*** DATASET EXTRACT Section Begins ***
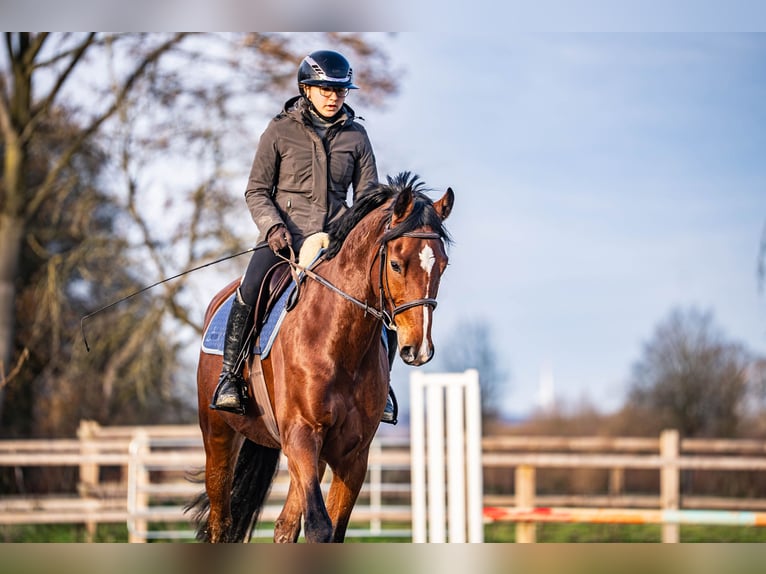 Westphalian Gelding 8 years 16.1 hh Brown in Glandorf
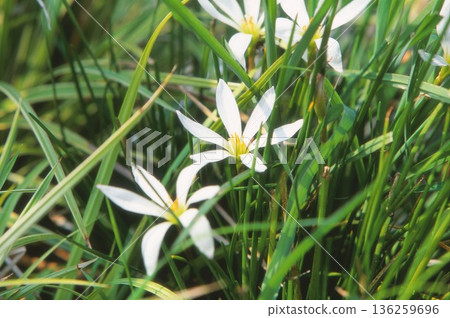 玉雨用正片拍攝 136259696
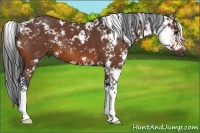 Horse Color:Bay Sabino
*** DATASET EXTRACT Section Ends ***
(WORK TO COMPLETE)
Please copy the lines above exactly as written, apart from any pictures.

(FINAL ANSWER)
 Westphalian Gelding 8 years 16.1 hh Brown in Glandorf
 玉雨用正片拍攝 136259696
 Horse Color:Bay Sabino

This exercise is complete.